Rooftop farms are newly glamorous but let’s not forget the 52,236 acres of private yards in NYC. [ “Regionalizing the Food System for Public Health and Sustainability,” Columbia U. Urban Design Lab, Nov. 2010, p. 17] Now, they’re mostly planted in lawns and ornamental species. What if we started seeing the food-producing potential of our lawns and yards?
A growing number of landscape designers are planting food forests, which combine fruit and nut bearing trees with lower layers of bushes, vines and groundcovers – all of which have edible yields. Food forestry is a central theme within permaculture, an ecological design movement recently featured in the New York Times.
How might we start food forests in NYC yards? Here’s a few starting points for collaboration between landscape designers, permaculturists, fans of locally grown food, and entrepreneurs.
- Inventory the fruit and nut bearing trees and understory that can make up food forests in NYC.
- Compile a wiki with best practices about their planting, care and harvest.
- Put together sets of marketing materials about food forest options for NYC backyards.
- Create options of various sizes and species customized for space, yard condition, client type, etc. - like a take-out menu.
Who makes it happen?
Anyone who has knows how to apply food forest design principles, and plant trees and shrubs – and who recognizes a new business opportunity. Who’s available to help out? The entrepreneur could put out a call for permaculture design course graduates who want to learn practical skills.
Where does it start?
Go to church groups, environmental justice communities, nonprofits in low income communities, propose a variety of options. Permaculture has a long tradition of permablitzes - volunteer efforts much like barn raisings. Start out by offering permablitzes as long as the recipient raises funds to pay for plants and materials.

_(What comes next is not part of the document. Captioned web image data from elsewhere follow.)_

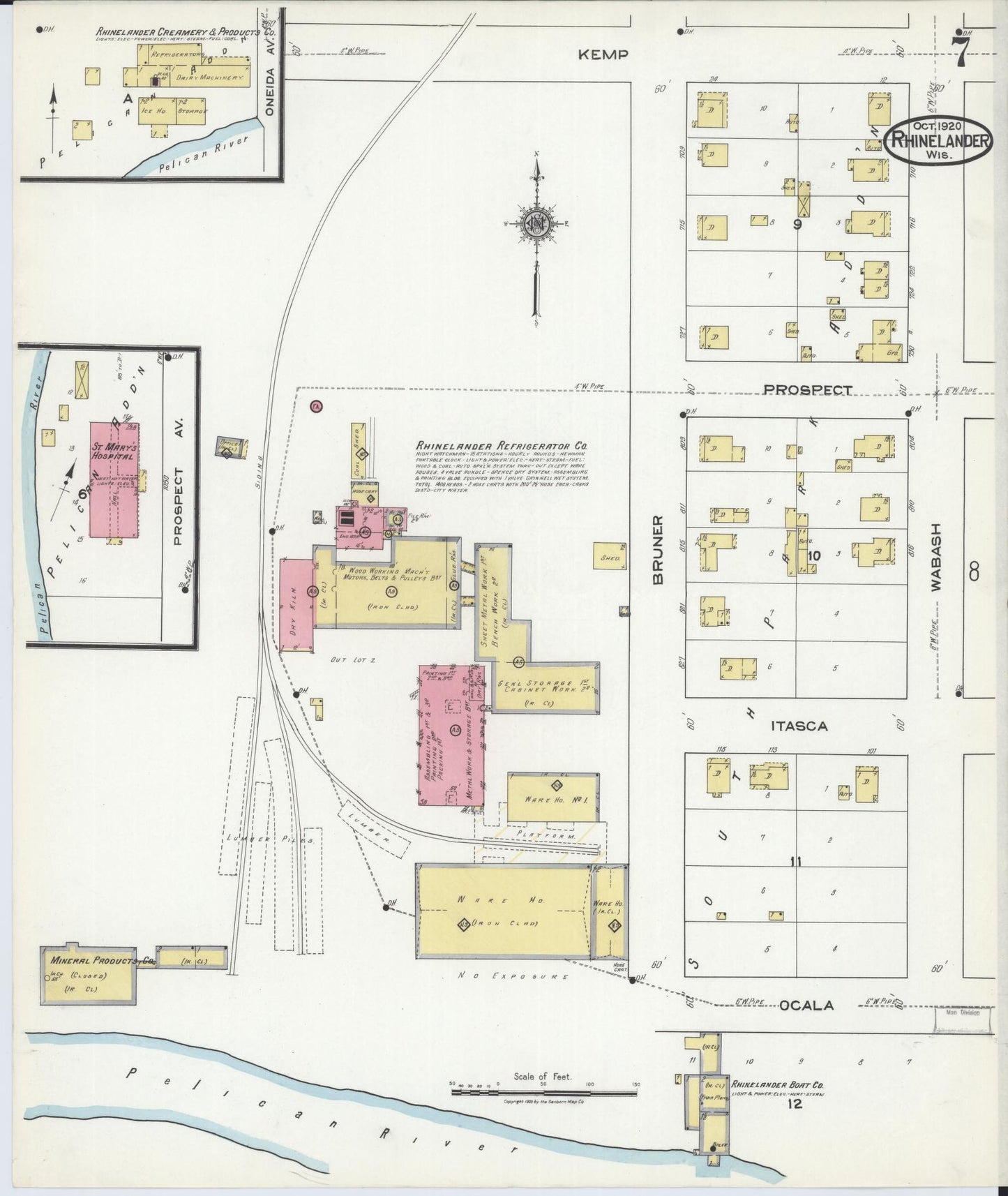 Sanborn Fire Insurance Map from Rhinelander, Oneida County, Wisconsin (1920), Sheet #0007 - Historic Sanborn Fire Insurance Map Print, vintage old map wall art, antique decor, genealogy gift, Wisconsin Wisconsin map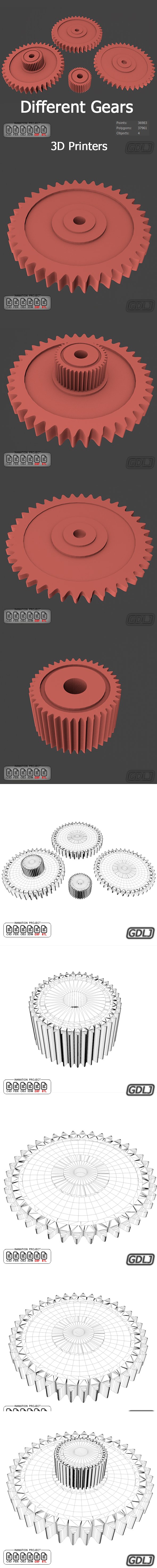 Different Gears 3D Models - 3DOcean Item for Sale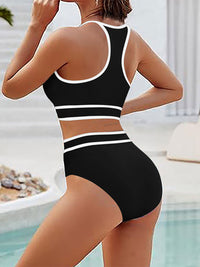 Sexy Solid Color High-Waisted Bikini Set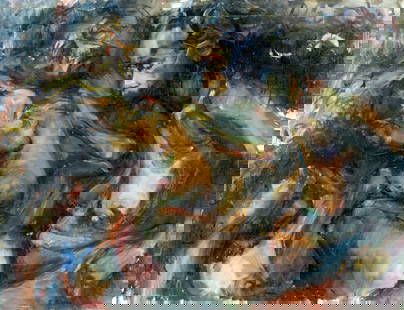 Elizabeth Silver (CA,20C) oil painting: ARTIST: Elizabeth Silver (California, 20 century) TITLE: Female Nudes YEAR: 1990 MEDIUM: oil on canvas CONDITION: Some small damages to the upper egde of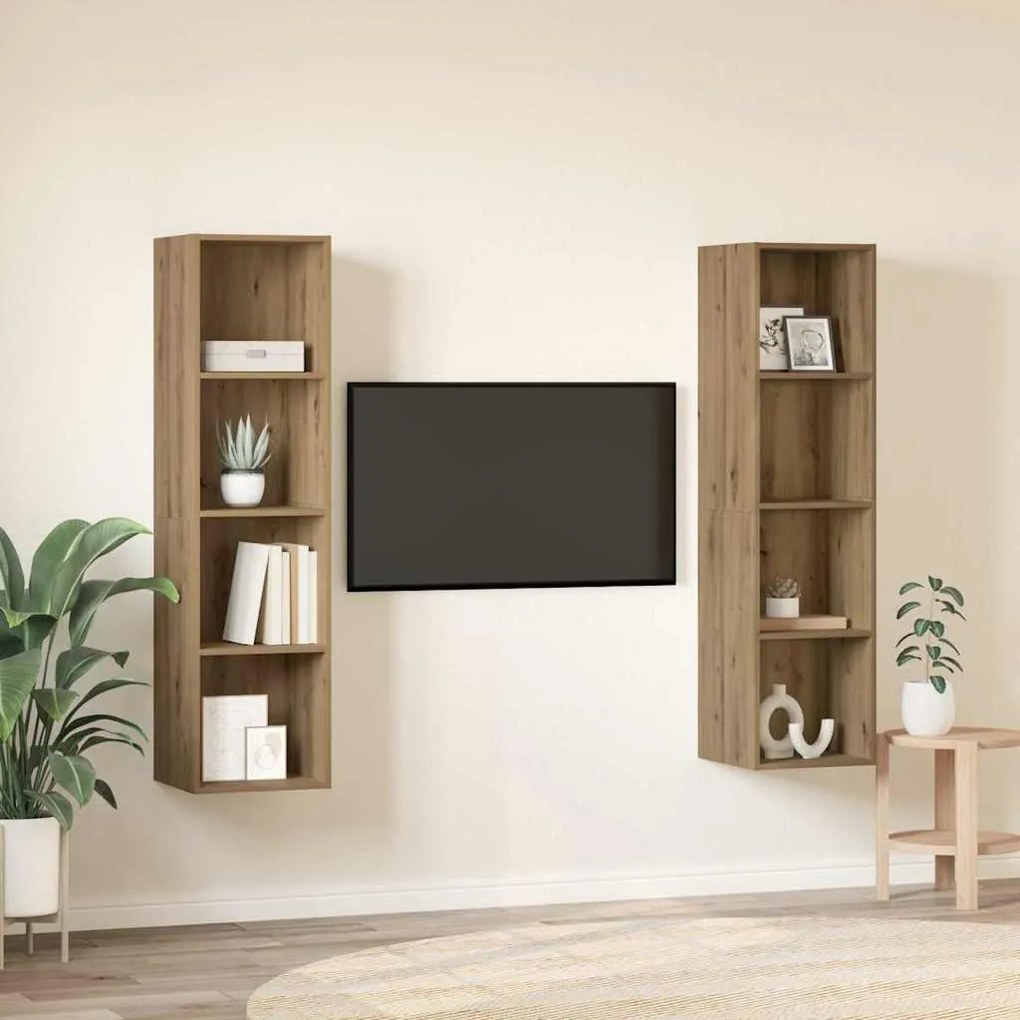 Conjunto de móvel de TV 2 pcs Castanho 37 x 37 x 142.5 cm
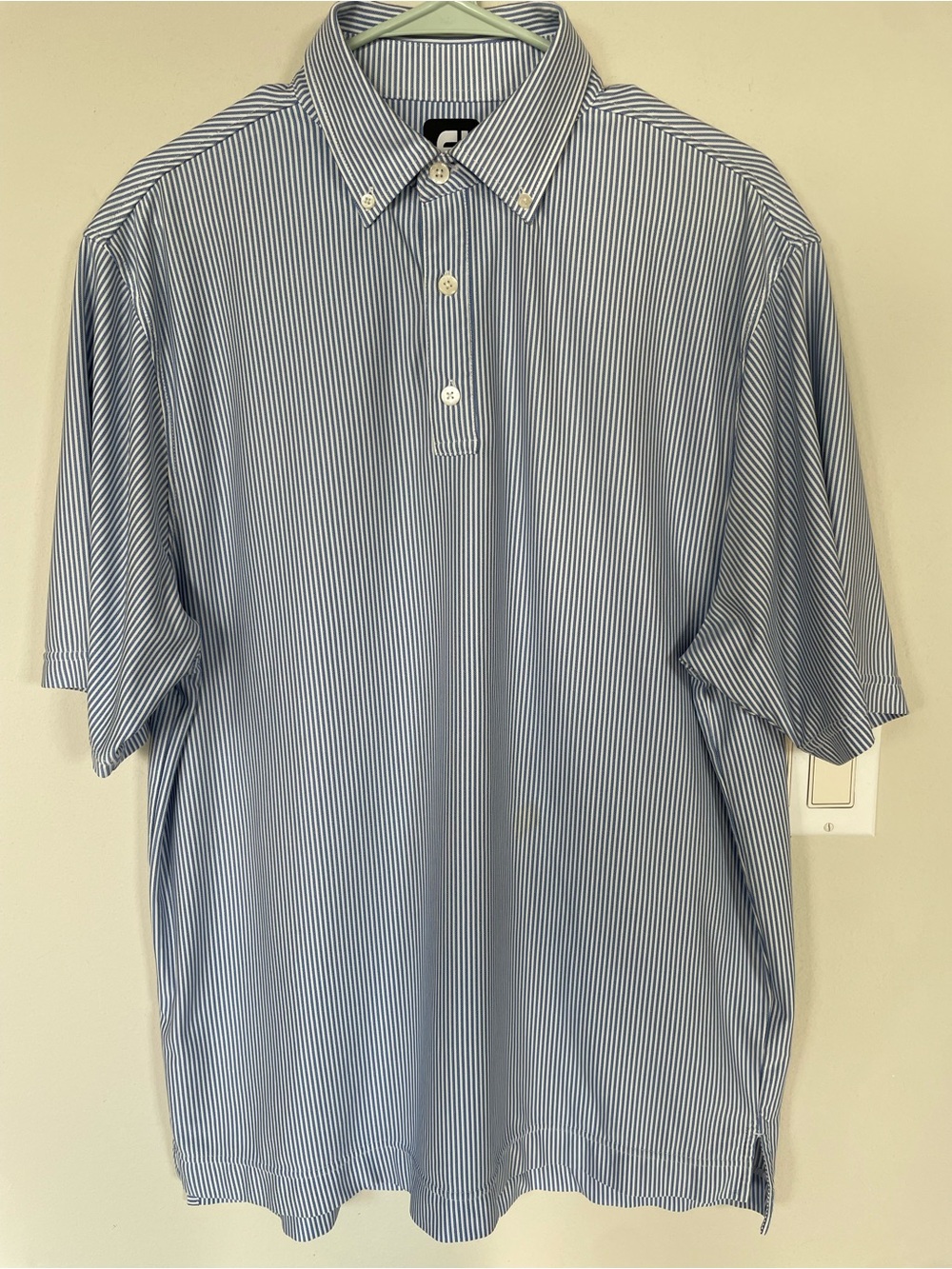 Footjoy Mens Short Sleeve Stripes Polo Golf Shirt Size Large Blue/White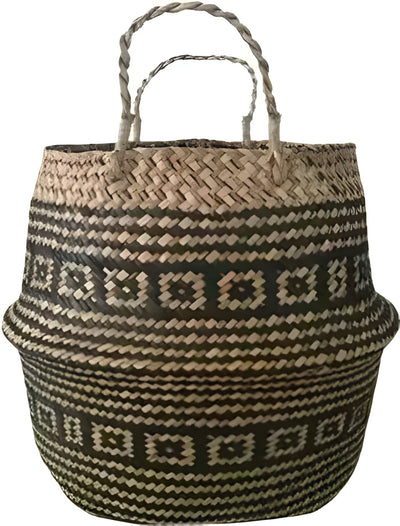 EcoHaven Korb - Faltbarer Handgefertigter Rattan Gewebter Blumenkorb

Use projects like those to train a pool of skilled participants. Entrepreneurs can take material from the wiki - or the existing books and articles that certainly already exist in the gardening literature - and turn them into open source marketing materials. That sounds idealistic, but only the most enterprising and skilled individuals will actually turn this into a business, so they can earn social capital by adding to the available forest gardening information free to the public - and promote their own services. They could start by promoting backyard food forest makeovers in their own neighborhood, starting with free gigs to raise awareness, leading hopefully to paid gigs.
Raising awareness of urban agriculture benefits
Even where there are active community gardens or community supported agriculture (CSA) group buying services, lots of New Yorkers don’t see the context that makes more urban agriculture not just desirable, but a necessary part of our future. So hosting film screenings on these topics in your neighborhood is a good way of building awareness, and finding out who has some yard they want to turn into a garden. The key is probably making personal connections with leaders of neighborhood civic groups and explaining how they could get their own backyard garden or plant the first food forest in their neighborhood.